[GIVEN ENTRIES]
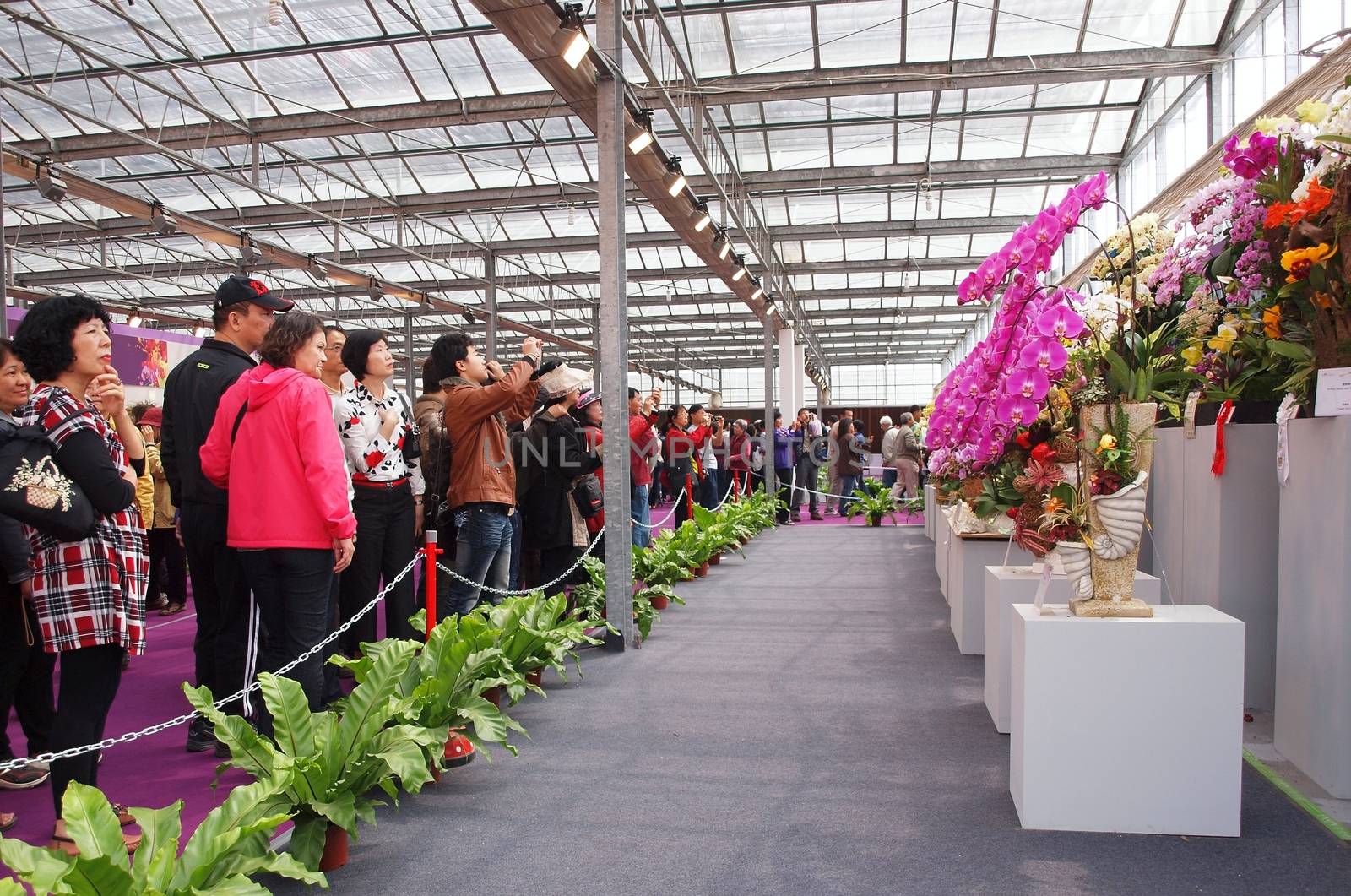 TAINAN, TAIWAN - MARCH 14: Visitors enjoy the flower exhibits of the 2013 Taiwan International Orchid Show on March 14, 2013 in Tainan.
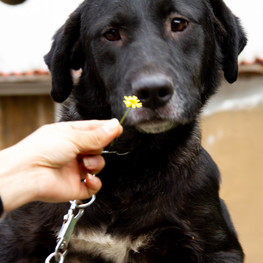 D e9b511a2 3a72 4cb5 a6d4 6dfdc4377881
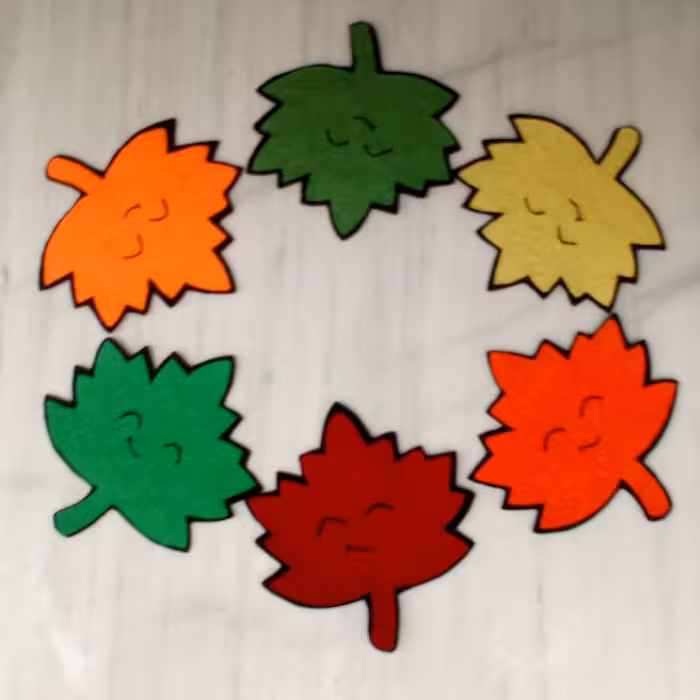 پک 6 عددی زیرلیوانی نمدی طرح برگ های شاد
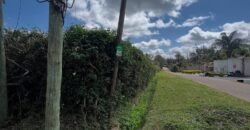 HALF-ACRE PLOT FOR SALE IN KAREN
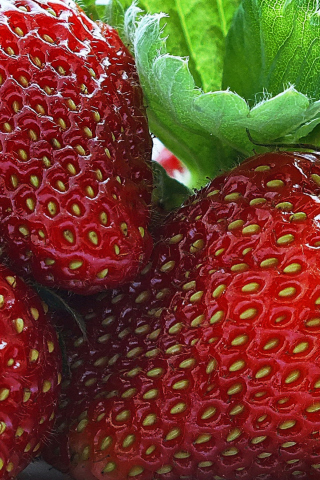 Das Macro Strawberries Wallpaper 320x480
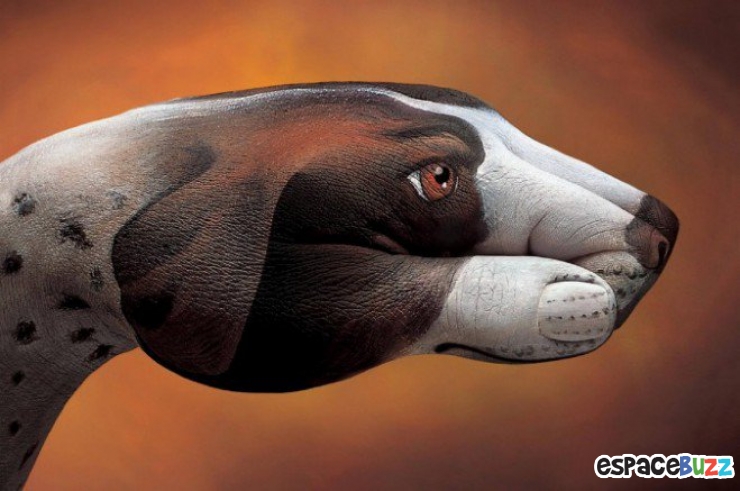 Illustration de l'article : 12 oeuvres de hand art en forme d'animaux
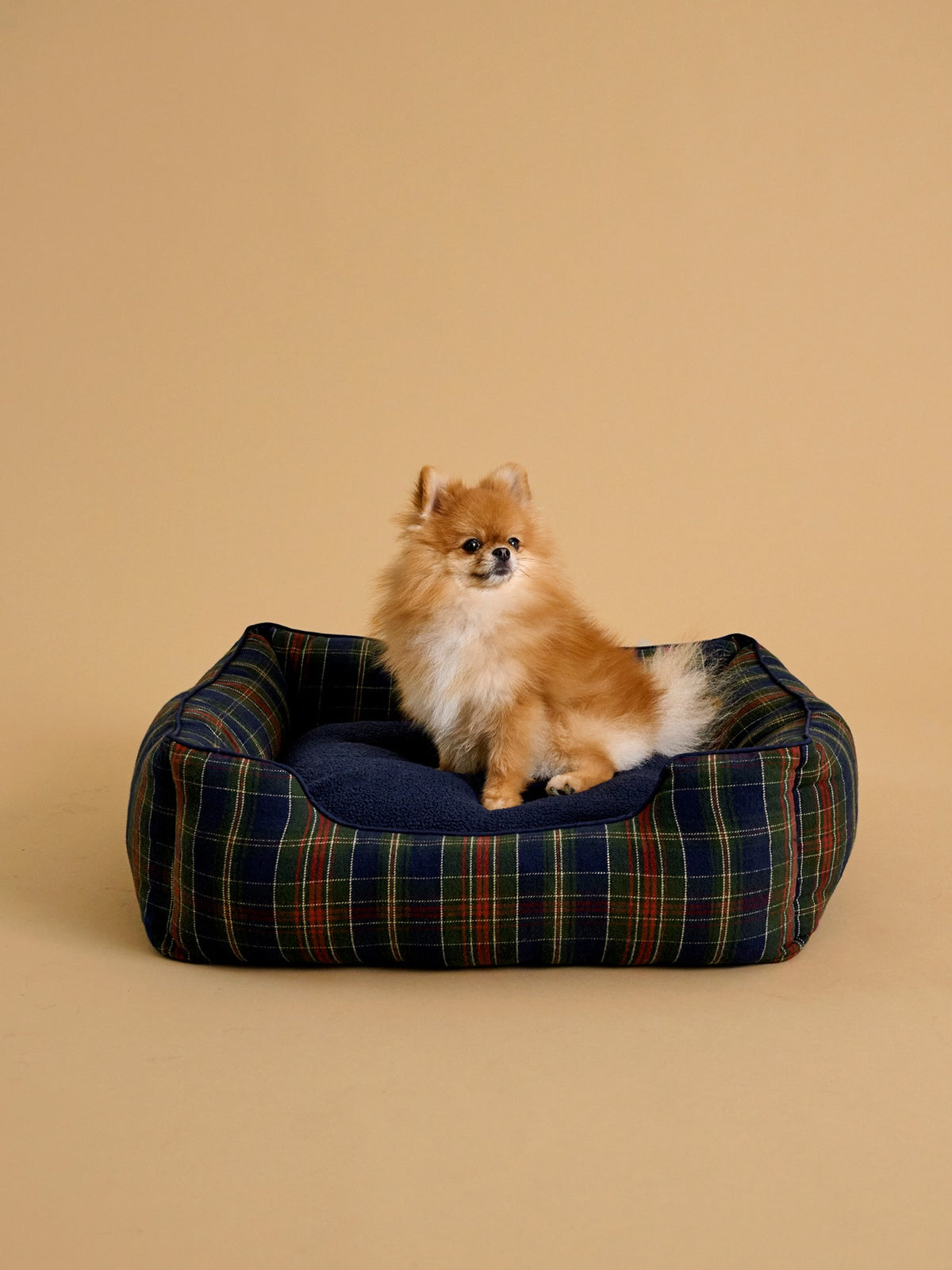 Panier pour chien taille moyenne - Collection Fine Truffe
[/GIVEN ENTRIES]
[GIVEN ENTRIES]
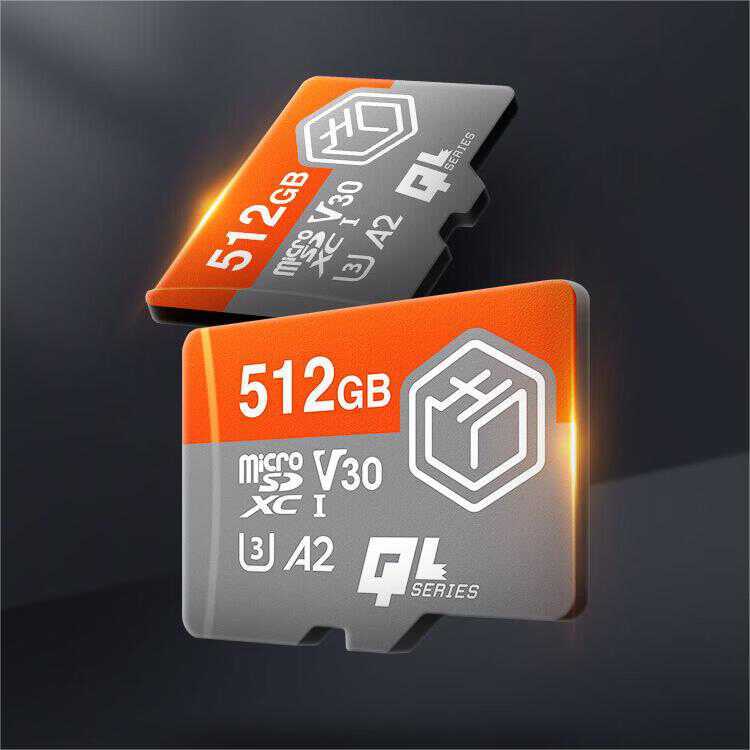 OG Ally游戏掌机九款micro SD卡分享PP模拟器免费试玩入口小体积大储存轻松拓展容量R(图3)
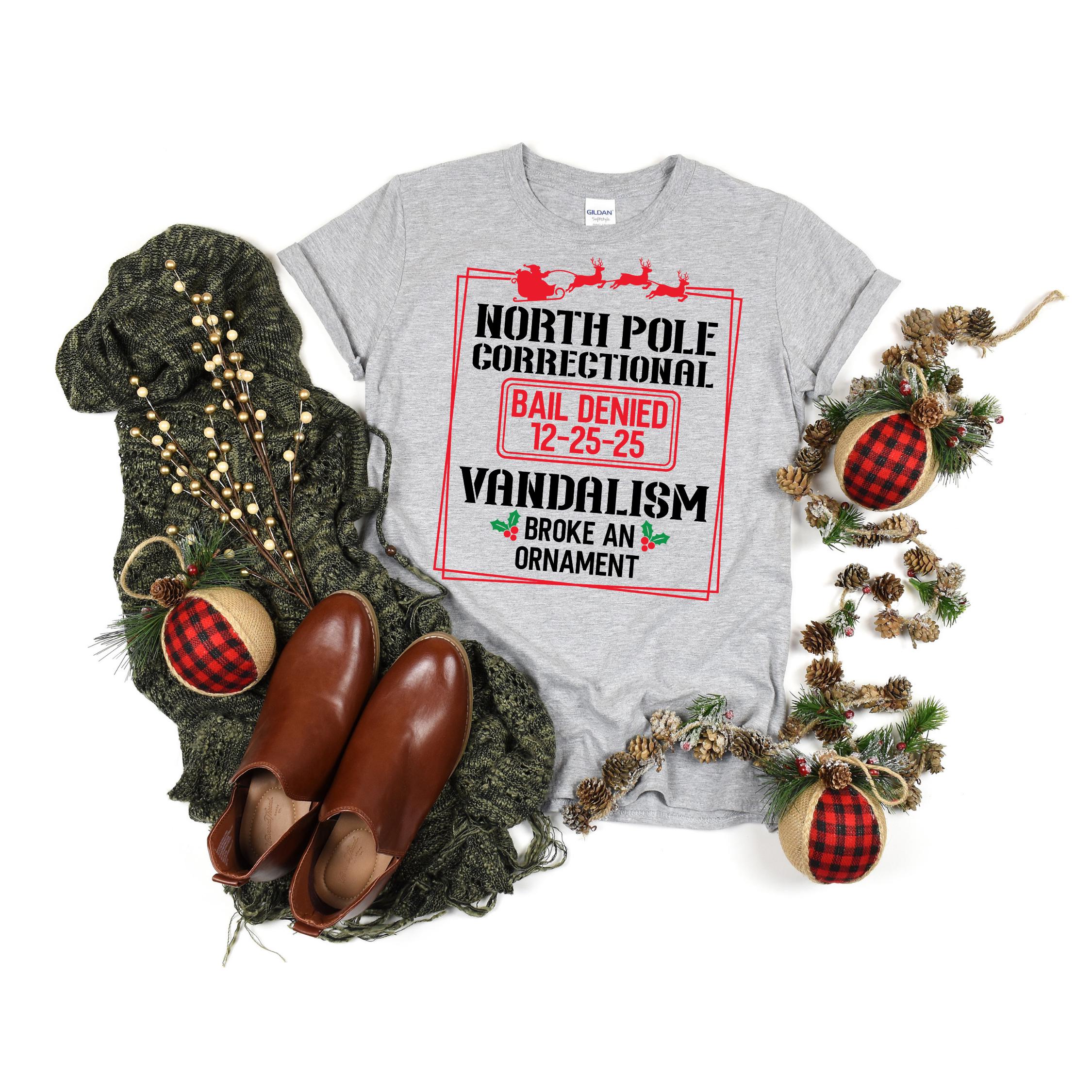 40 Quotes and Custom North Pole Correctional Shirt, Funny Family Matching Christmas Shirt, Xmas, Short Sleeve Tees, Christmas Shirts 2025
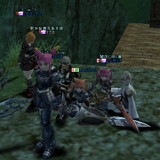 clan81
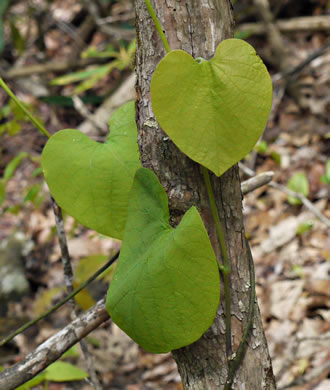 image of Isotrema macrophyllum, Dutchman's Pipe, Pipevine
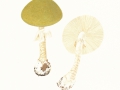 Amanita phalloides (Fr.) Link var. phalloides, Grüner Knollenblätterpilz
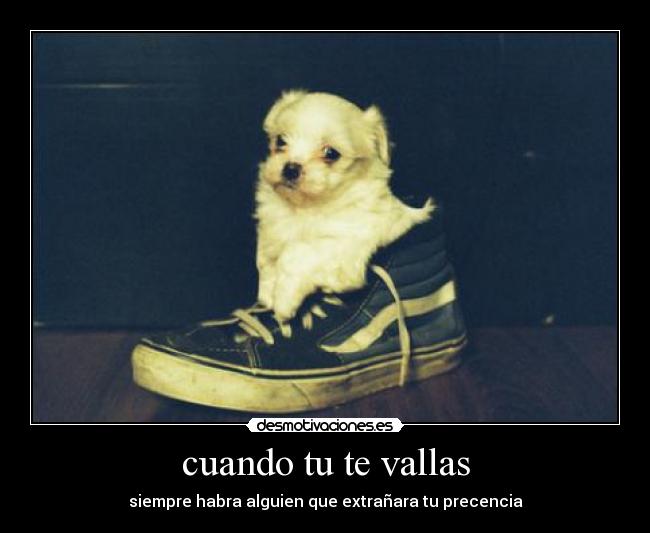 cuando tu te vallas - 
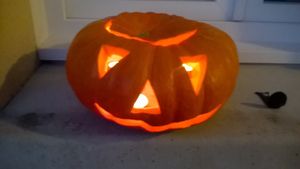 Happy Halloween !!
[/GIVEN ENTRIES]
WHAT YOU HAVE TO DO =
Starting at the line above that has "TAINAN, TAIWAN - MARCH" and ending at the line that has "Panier pour chien", copy each line exactly, leaving the pictures out and adding nothing.

TASK RESULT =
 TAINAN, TAIWAN - MARCH 14: Visitors enjoy the flower exhibits of the 2013 Taiwan International Orchid Show on March 14, 2013 in Tainan.
 D e9b511a2 3a72 4cb5 a6d4 6dfdc4377881
 پک 6 عددی زیرلیوانی نمدی طرح برگ های شاد
 HALF-ACRE PLOT FOR SALE IN KAREN
 Das Macro Strawberries Wallpaper 320x480
 Illustration de l'article : 12 oeuvres de hand art en forme d'animaux
 Panier pour chien taille moyenne - Collection Fine Truffe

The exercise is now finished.